### Input data
++++++++

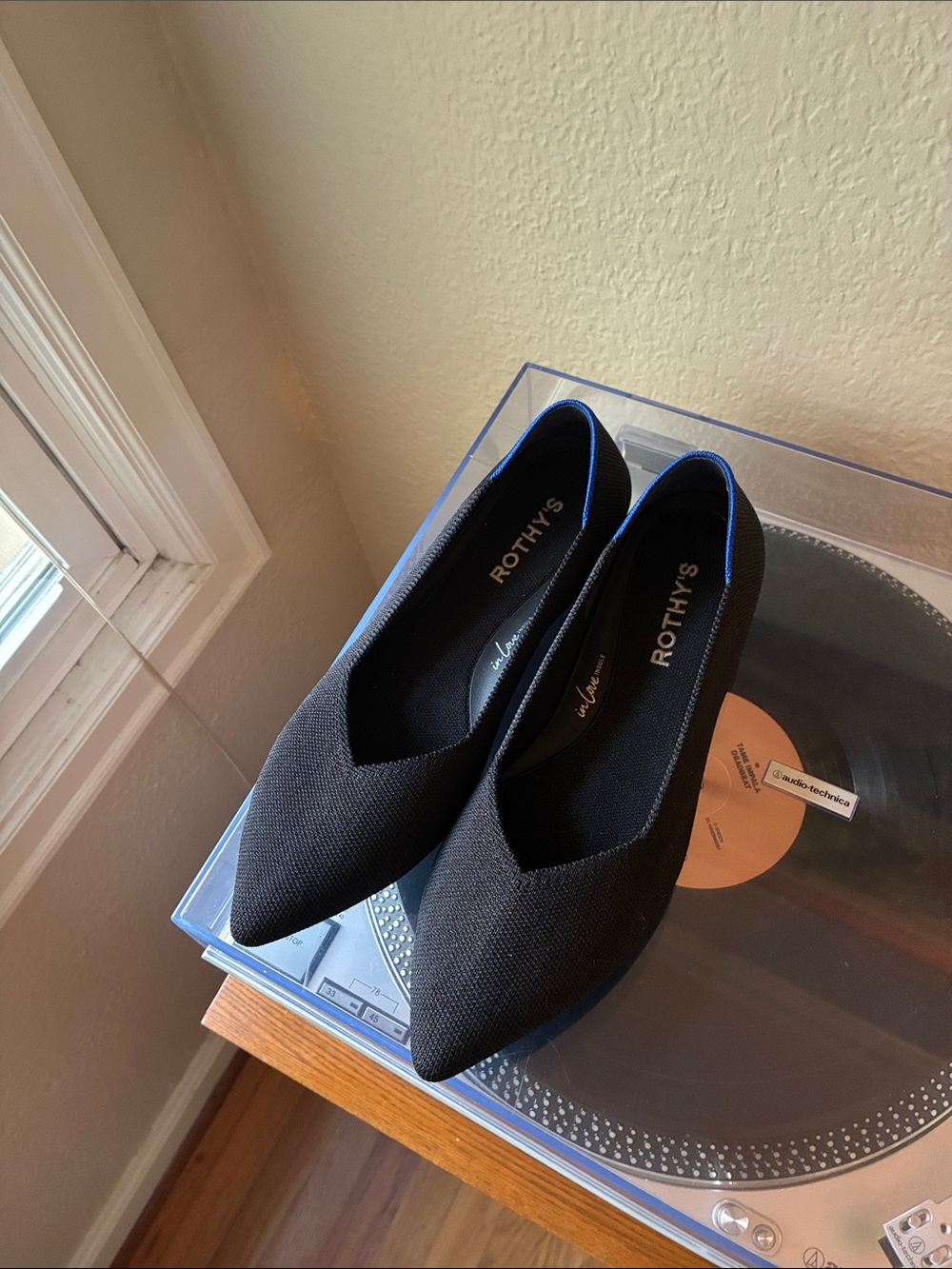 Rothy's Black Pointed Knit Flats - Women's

++++++++

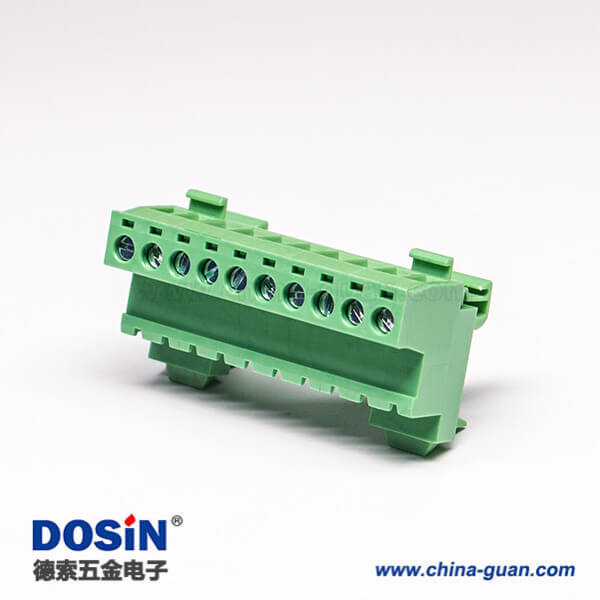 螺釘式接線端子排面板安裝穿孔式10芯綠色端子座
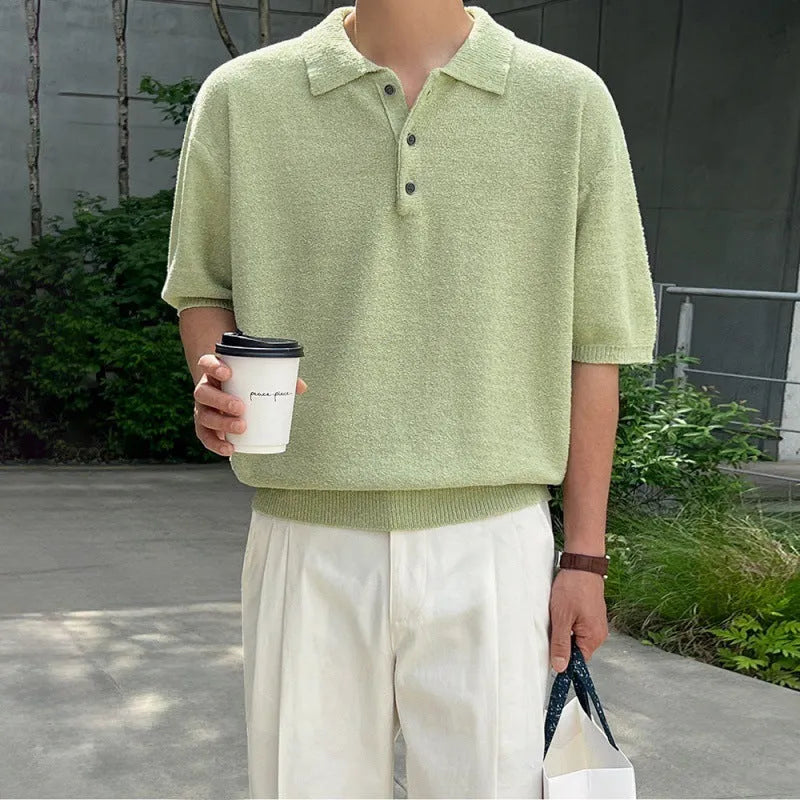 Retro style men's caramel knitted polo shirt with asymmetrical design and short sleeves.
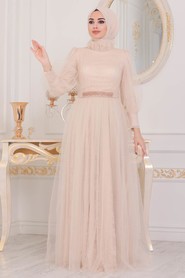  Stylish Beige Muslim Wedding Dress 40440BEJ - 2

++++++++

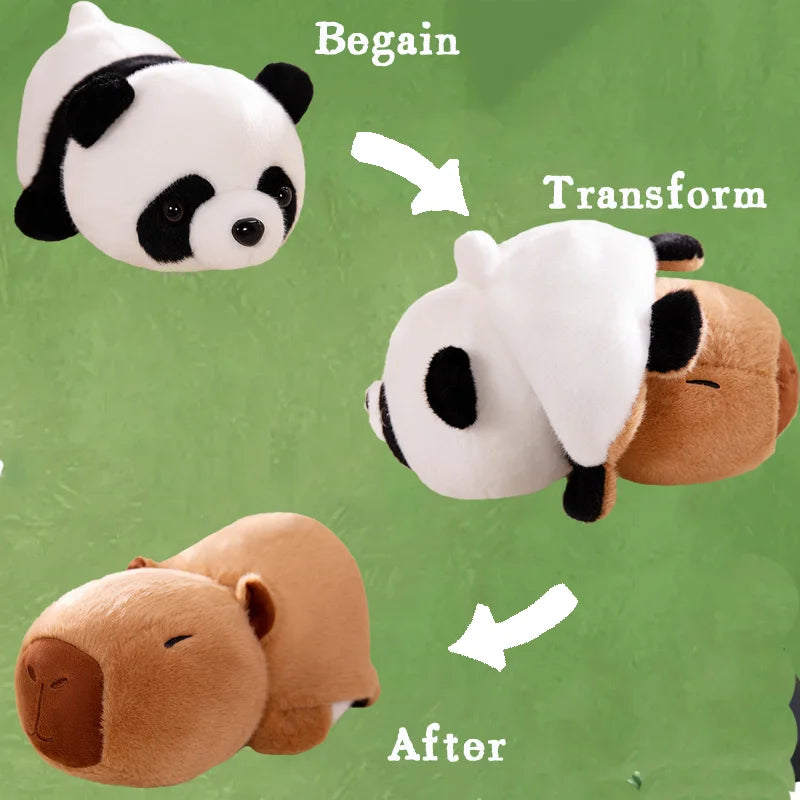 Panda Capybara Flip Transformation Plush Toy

++++++++

### Task prompt
Using the data above, which lines fall from the one with "Retro style men's" through the one with "Stylish Beige Muslim"? Repeat them exactly, ends included, minus any pictures.

### Expected answer
 Retro style men's caramel knitted polo shirt with asymmetrical design and short sleeves.
  Stylish Beige Muslim Wedding Dress 40440BEJ - 2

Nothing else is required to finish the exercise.